Повернув за угол улицы Дуомо, Перчинка вдруг увидел вооруженный до зубов немецкий патруль. Навстречу немцам двигалась группа патриотов. Стычка казалась неизбежной, поэтому, боясь оказаться между двух огней, приятели проворно юркнули в первое попавшееся парадное. Но оба отряда только обменялись свирепыми взглядами и разошлись без единого выстрела. Каждый из них отправился своей дорогой.
— Э, струсили! — воскликнул Чиро.
Лицо мальчика пылало от стыда и возмущения.
— «Струсили»! — передразнил его Перчинка. — Много ты понимаешь! Если бы мы начали стрелять первые, они бы уложили нас всех до единого. Не видел ты что ли, сколько на них оружия навешано? — Перчинка говорил с таким видом, словно был, по меньшей мере, командиром партизанского отряда. — Вот и получается, что струсили не мы, а немцы! — закончил он.

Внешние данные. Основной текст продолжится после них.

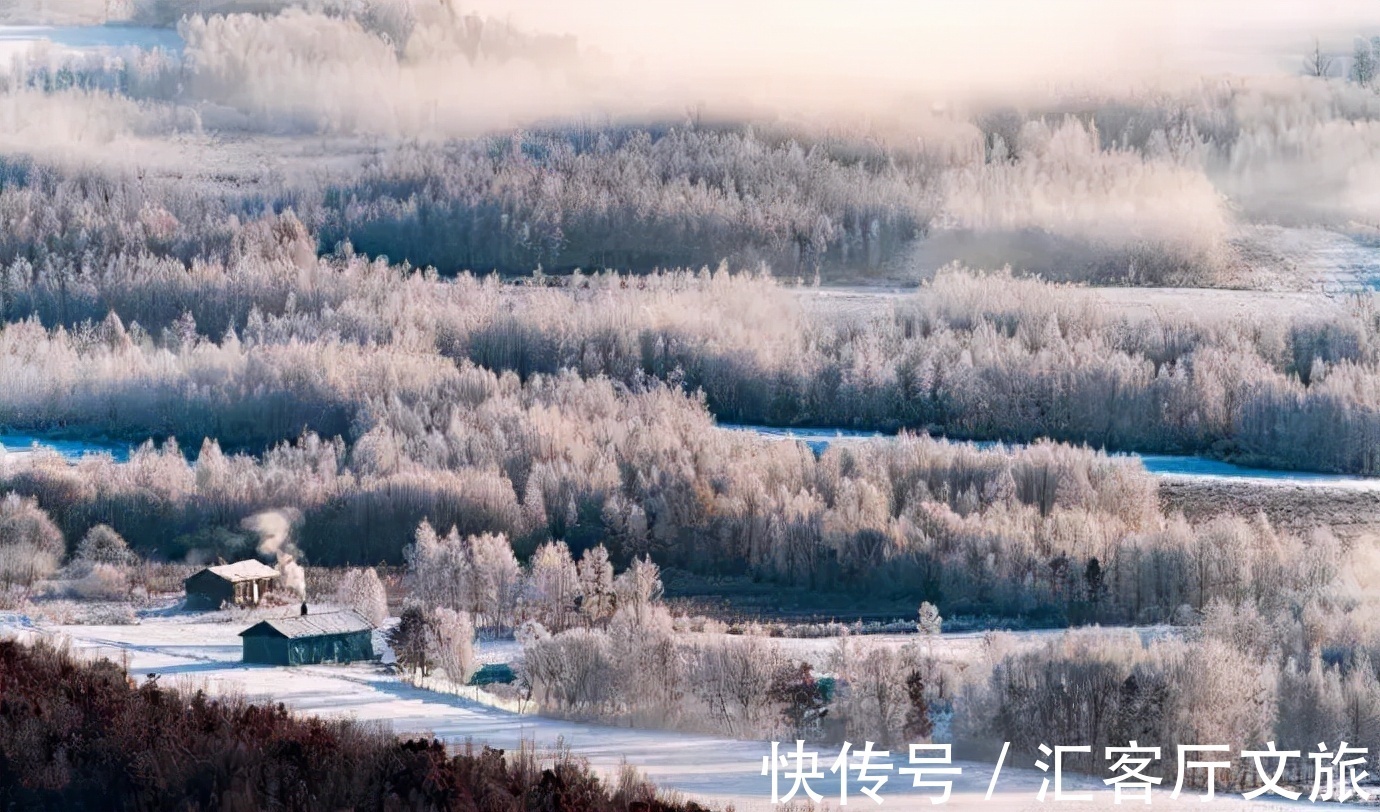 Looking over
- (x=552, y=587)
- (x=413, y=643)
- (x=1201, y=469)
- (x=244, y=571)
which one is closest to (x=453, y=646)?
(x=413, y=643)

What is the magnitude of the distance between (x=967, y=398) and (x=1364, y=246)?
16492mm

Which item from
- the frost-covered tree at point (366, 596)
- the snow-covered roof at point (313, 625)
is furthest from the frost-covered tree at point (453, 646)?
the frost-covered tree at point (366, 596)

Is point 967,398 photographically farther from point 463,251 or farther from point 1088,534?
point 463,251

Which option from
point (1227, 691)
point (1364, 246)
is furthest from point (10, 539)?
point (1364, 246)

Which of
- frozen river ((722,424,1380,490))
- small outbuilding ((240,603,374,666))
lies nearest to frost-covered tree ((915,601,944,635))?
small outbuilding ((240,603,374,666))

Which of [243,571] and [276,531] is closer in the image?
[243,571]

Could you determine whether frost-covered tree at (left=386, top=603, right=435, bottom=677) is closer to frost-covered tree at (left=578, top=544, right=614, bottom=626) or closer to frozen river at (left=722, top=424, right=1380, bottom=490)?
frost-covered tree at (left=578, top=544, right=614, bottom=626)

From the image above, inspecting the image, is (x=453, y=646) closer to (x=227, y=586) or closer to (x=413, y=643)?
(x=413, y=643)

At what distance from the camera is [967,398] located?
141 feet

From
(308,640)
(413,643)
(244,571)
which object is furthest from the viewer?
(244,571)

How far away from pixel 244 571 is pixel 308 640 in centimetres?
559

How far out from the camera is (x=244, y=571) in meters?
32.2

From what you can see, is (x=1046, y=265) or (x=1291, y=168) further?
(x=1291, y=168)

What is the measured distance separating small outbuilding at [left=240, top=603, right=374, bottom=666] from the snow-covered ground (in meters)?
0.38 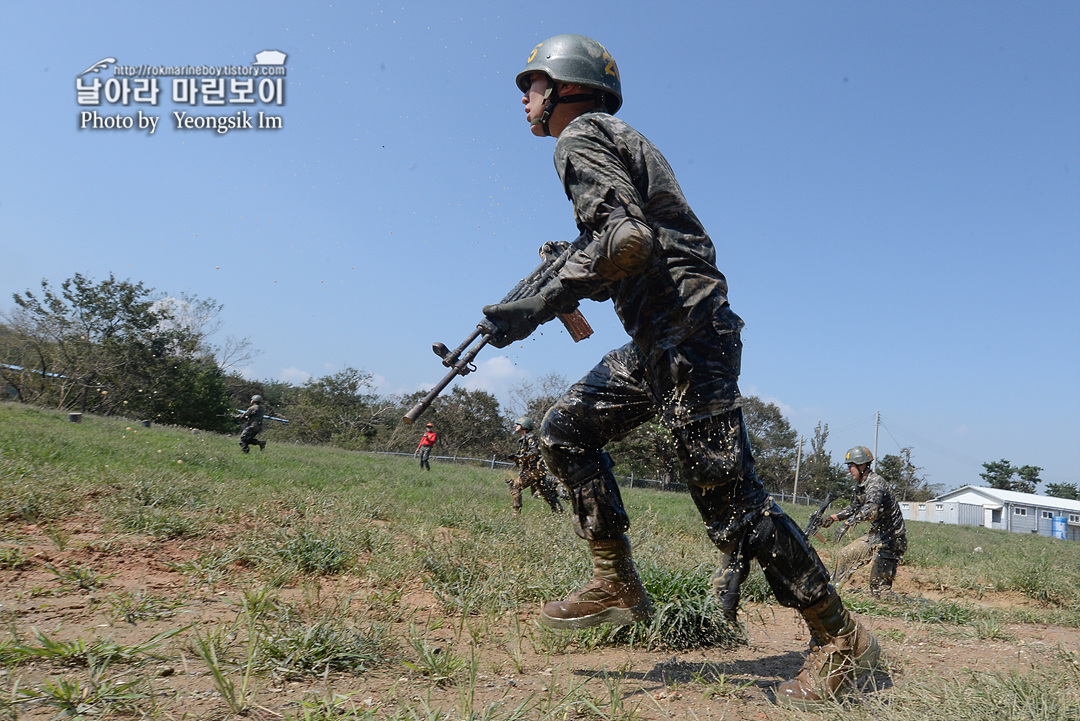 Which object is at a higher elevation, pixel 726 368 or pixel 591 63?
pixel 591 63

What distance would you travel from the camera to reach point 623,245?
6.58ft

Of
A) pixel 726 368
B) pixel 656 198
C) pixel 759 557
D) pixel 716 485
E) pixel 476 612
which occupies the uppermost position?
pixel 656 198

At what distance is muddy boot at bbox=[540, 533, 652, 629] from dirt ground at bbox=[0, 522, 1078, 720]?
0.17 metres

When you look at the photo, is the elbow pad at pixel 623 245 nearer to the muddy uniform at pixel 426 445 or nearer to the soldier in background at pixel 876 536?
the soldier in background at pixel 876 536

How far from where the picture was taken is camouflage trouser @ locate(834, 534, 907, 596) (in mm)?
7219

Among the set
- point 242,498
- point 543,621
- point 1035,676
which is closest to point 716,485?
point 543,621

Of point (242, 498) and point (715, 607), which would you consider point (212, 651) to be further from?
point (242, 498)

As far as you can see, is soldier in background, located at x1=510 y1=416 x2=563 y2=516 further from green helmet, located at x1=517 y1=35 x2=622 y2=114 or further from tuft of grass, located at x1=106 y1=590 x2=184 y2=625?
green helmet, located at x1=517 y1=35 x2=622 y2=114

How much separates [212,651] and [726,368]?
1.87 metres

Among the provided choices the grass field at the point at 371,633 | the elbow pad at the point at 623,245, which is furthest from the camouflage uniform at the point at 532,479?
the elbow pad at the point at 623,245

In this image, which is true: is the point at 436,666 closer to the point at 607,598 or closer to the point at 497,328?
the point at 607,598

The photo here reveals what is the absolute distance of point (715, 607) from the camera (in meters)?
2.92

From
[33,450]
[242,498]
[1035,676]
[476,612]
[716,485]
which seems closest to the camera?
[1035,676]

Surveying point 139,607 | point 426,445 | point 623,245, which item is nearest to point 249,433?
point 426,445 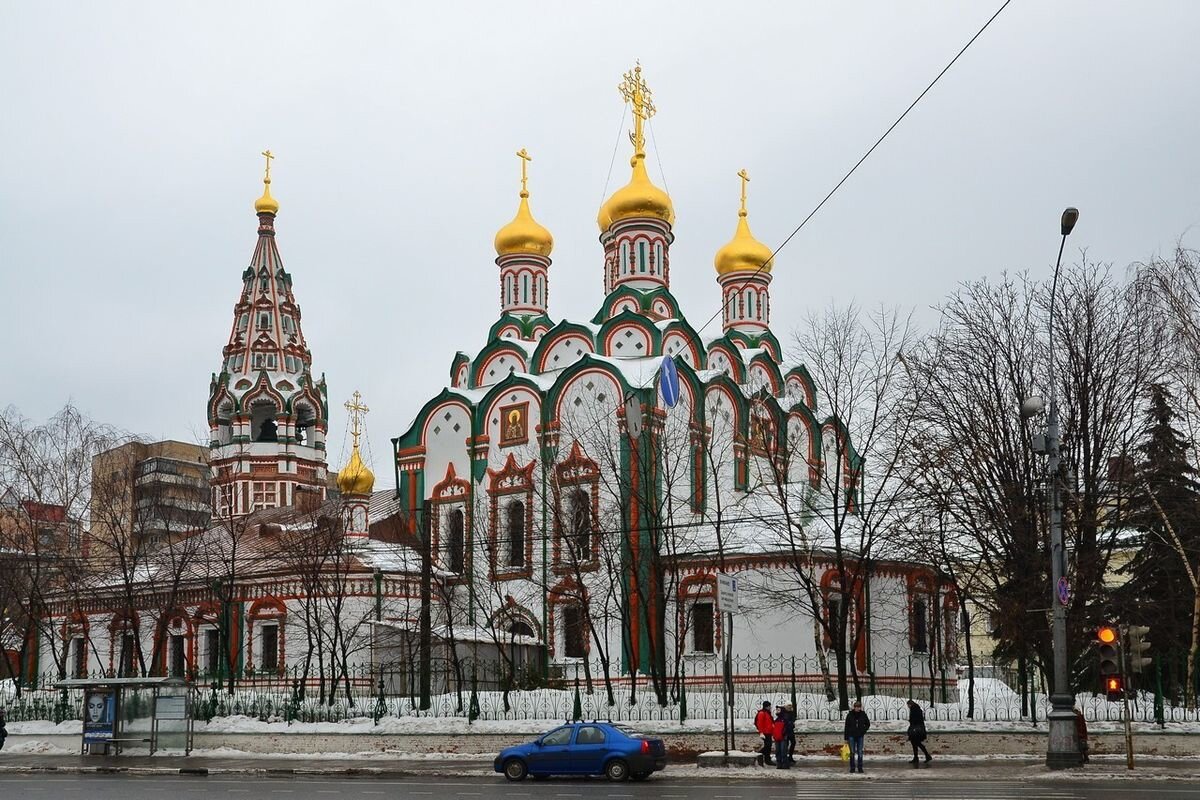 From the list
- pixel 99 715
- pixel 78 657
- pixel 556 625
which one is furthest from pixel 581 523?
pixel 78 657

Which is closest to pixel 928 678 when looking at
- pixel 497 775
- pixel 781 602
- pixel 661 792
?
pixel 781 602

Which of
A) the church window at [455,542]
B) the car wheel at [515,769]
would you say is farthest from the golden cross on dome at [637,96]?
the car wheel at [515,769]

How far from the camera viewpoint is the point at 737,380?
40.9 meters

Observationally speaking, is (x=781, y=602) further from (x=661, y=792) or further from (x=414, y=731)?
(x=661, y=792)

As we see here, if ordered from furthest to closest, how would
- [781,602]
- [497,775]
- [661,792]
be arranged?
[781,602] < [497,775] < [661,792]

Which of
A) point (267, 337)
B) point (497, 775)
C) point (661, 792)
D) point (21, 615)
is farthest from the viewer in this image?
point (267, 337)

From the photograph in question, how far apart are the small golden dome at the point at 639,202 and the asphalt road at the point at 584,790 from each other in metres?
25.0

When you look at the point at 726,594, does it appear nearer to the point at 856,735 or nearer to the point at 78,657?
the point at 856,735

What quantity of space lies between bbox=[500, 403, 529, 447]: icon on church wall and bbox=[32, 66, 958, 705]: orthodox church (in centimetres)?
7

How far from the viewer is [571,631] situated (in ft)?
116

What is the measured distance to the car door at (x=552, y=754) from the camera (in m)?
18.9

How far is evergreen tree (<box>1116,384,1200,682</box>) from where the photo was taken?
77.9 feet

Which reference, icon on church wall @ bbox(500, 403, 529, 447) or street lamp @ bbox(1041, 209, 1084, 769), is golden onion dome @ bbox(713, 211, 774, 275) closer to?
icon on church wall @ bbox(500, 403, 529, 447)

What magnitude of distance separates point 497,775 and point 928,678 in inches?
638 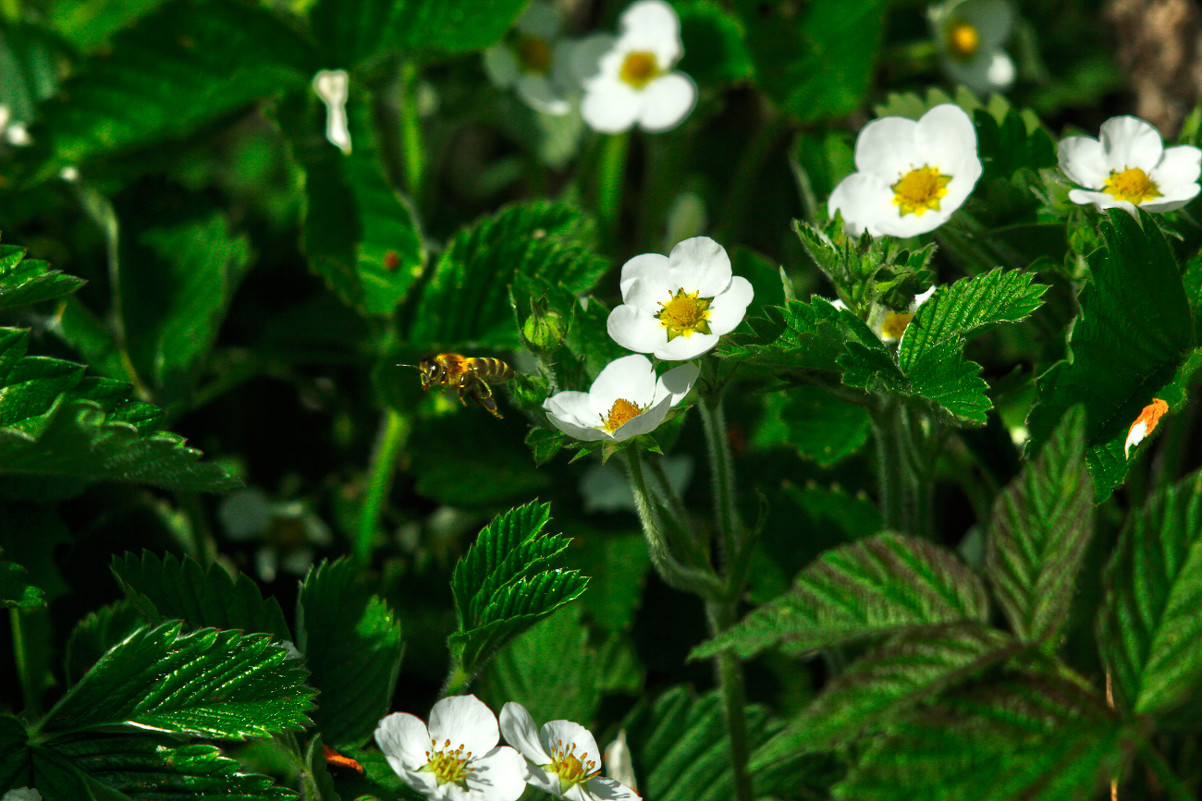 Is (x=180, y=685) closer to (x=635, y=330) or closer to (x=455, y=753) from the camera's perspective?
(x=455, y=753)

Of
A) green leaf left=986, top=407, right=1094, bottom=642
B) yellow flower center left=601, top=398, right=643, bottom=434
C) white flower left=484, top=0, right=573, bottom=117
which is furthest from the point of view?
white flower left=484, top=0, right=573, bottom=117

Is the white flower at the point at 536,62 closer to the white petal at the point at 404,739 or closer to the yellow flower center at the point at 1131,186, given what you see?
the yellow flower center at the point at 1131,186

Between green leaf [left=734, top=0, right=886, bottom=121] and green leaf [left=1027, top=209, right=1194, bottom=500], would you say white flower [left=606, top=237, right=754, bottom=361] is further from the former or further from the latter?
green leaf [left=734, top=0, right=886, bottom=121]

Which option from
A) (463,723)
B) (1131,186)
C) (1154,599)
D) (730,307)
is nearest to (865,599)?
(1154,599)

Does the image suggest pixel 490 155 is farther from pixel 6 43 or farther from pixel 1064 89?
pixel 1064 89

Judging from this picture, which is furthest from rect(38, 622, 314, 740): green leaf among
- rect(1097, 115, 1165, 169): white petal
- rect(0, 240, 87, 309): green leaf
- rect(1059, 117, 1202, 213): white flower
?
rect(1097, 115, 1165, 169): white petal

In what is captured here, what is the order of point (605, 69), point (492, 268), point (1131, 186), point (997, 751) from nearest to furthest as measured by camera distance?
point (997, 751) < point (1131, 186) < point (492, 268) < point (605, 69) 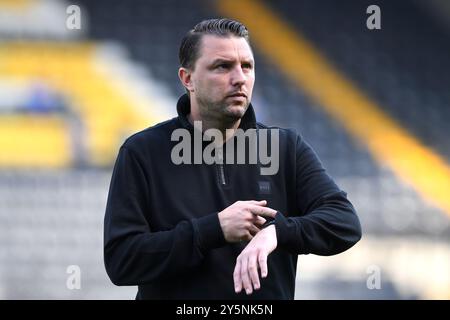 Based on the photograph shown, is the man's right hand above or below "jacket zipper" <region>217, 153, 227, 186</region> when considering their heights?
A: below

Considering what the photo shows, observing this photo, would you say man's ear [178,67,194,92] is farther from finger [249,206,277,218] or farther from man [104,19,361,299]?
finger [249,206,277,218]

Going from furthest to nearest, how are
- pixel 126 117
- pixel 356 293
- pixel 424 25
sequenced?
1. pixel 424 25
2. pixel 126 117
3. pixel 356 293

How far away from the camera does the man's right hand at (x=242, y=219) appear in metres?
1.78

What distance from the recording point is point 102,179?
5.61m

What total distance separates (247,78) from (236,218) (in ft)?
1.13

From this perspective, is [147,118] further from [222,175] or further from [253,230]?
[253,230]

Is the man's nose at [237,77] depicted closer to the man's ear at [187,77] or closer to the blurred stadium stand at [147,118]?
the man's ear at [187,77]

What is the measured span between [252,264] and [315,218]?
220 millimetres

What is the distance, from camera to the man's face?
1.94m

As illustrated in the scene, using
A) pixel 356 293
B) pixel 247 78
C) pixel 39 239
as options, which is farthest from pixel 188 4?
pixel 247 78

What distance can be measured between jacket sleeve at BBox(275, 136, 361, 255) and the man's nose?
209mm

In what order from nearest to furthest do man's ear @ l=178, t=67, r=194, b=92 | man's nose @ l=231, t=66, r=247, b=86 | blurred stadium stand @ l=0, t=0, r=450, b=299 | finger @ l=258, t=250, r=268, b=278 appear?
finger @ l=258, t=250, r=268, b=278
man's nose @ l=231, t=66, r=247, b=86
man's ear @ l=178, t=67, r=194, b=92
blurred stadium stand @ l=0, t=0, r=450, b=299

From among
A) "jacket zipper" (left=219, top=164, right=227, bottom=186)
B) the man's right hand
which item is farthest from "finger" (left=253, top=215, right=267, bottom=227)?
"jacket zipper" (left=219, top=164, right=227, bottom=186)

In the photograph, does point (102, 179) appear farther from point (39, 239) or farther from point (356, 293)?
point (356, 293) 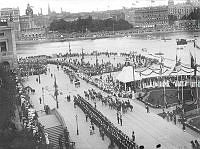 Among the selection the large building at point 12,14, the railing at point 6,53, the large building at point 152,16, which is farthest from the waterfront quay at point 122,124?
the large building at point 152,16

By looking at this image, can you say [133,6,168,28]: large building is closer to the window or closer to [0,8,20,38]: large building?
[0,8,20,38]: large building

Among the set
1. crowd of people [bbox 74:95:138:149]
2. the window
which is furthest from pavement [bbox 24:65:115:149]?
the window

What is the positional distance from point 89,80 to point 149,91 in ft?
24.2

Ворота дома, где жил профессор, оказались на запоре. С трудом дотянувшись до колотушки, висевшей на веревке, Перчинка с силой ударил два или три раза. Долго никто не открывал, наконец в окошечке на одной из створок, показалось лицо старого привратника.
— Ну чего стучите? — хмуро спросил он. — Марш отсюда! Нашли время баловаться!
— Мы не балуемся, — возразил Перчинка. — Нам к профессору надо.
— Это зачем же он вам понадобился? Не может он вас принять.
— Почему? — удивился Перчинка.
— Болен, — ответил старик. — А теперь марш отсюда, — добавил он и захлопнул окошечко.
Но Перчинка снова забарабанил в ворота.
— Ах, ты так! — закричал привратник, приоткрывая ворота. — Ну, берегись! Сейчас я выйду и такую тебе взбучку задам!..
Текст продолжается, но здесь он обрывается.